EXERCISE BRIEF: Retype the data that follows exactly. No pictures belong in the copy.

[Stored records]
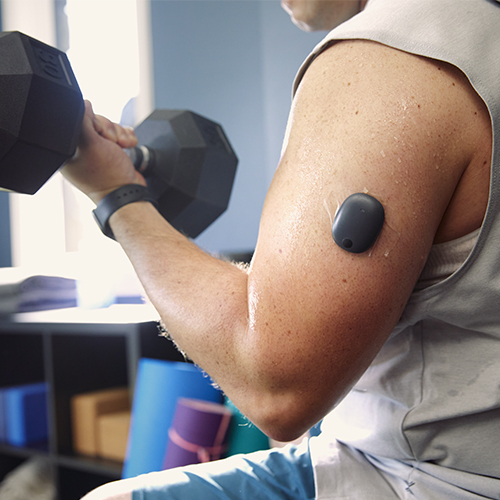 Mann løfter vekter mens han har på seg en langvarig CGM for diabetes.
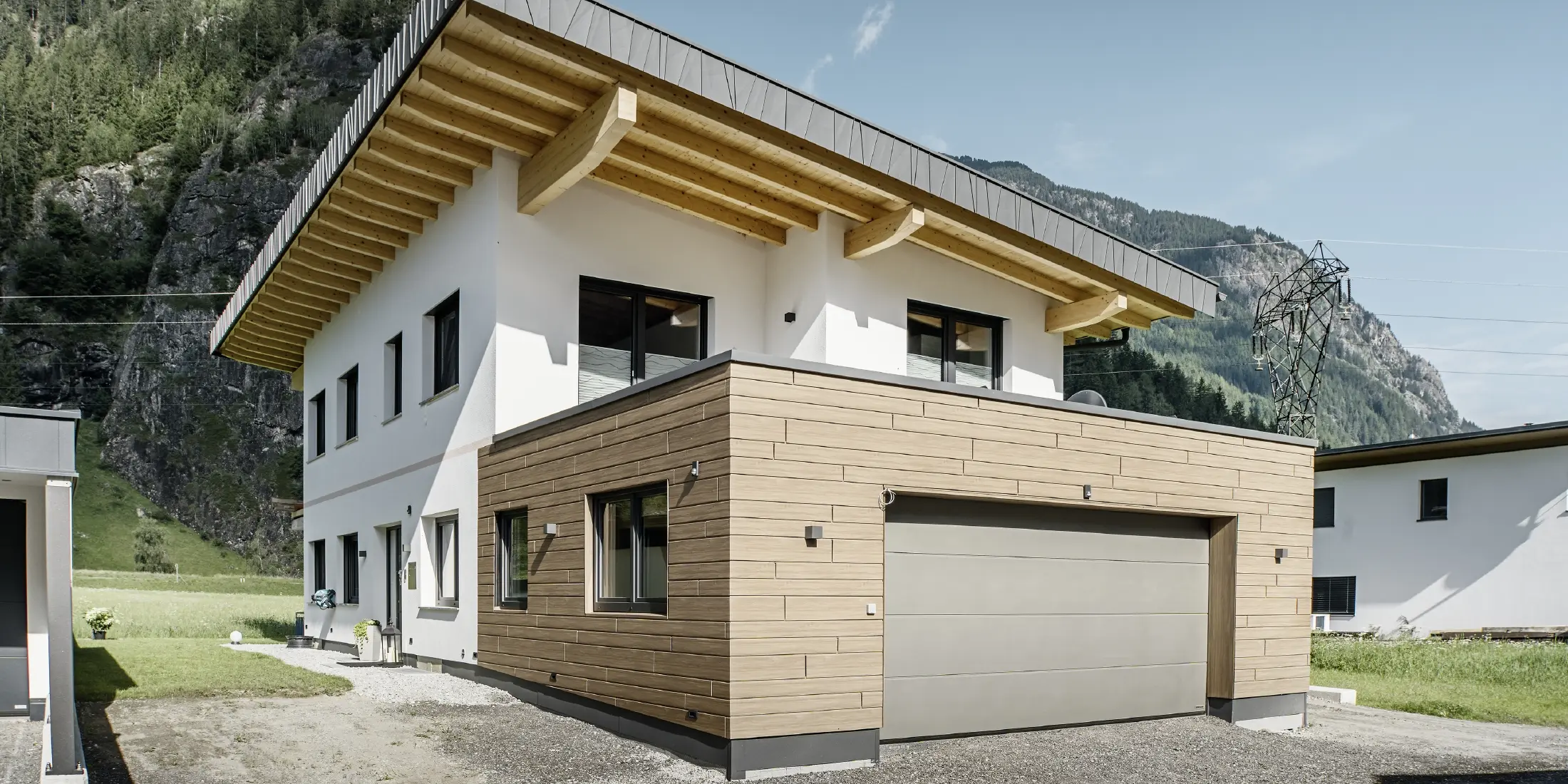 Moderne enebolig med renovert fasade: ny utvendig fasade med horisontal fasadekledning i treutseende, kombinert med hvitpussede flater, integrert garasjekledning og moderne arkitektur i alpint miljø.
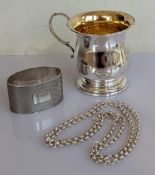 A George V silver christening mug with gilt interior on a stepped based, 7 cm H, hallmarked for Perc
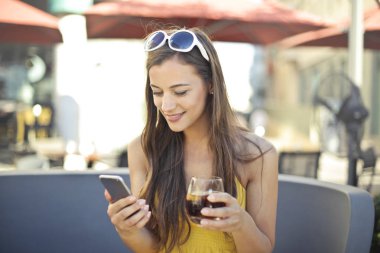 Açık bir barda bir akıllı telefon kullanan kız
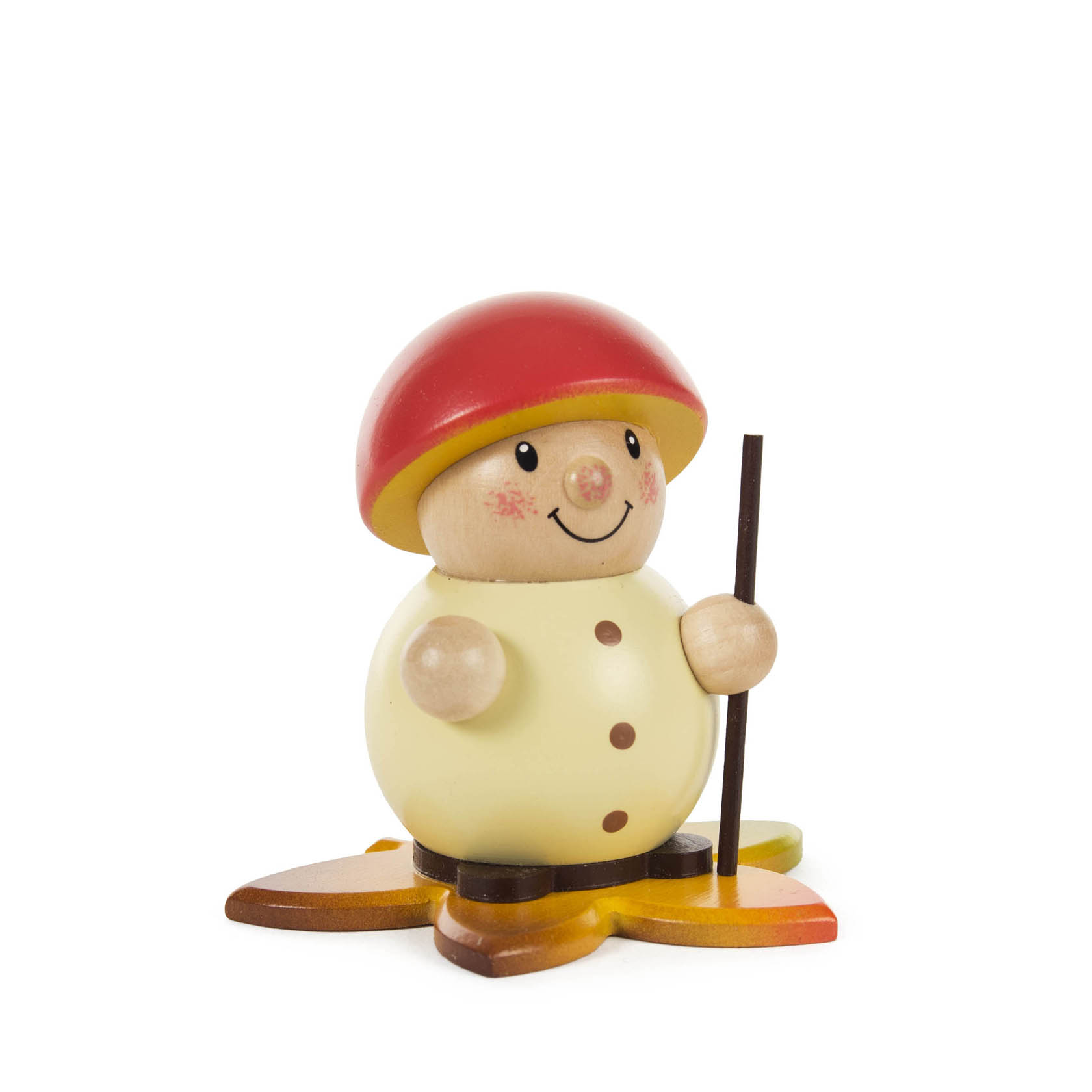 Drechselarbeit einer lächelnden Figur mit roter Kappe und Stock, steht auf einem bunten Sockel. im Dregeno Online Shop günstig kaufen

ANSWER BOX:
 Mann løfter vekter mens han har på seg en langvarig CGM for diabetes.
 Moderne enebolig med renovert fasade: ny utvendig fasade med horisontal fasadekledning i treutseende, kombinert med hvitpussede flater, integrert garasjekledning og moderne arkitektur i alpint miljø.
 A George V silver christening mug with gilt interior on a stepped based, 7 cm H, hallmarked for Perc
 Açık bir barda bir akıllı telefon kullanan kız
 Drechselarbeit einer lächelnden Figur mit roter Kappe und Stock, steht auf einem bunten Sockel. im Dregeno Online Shop günstig kaufen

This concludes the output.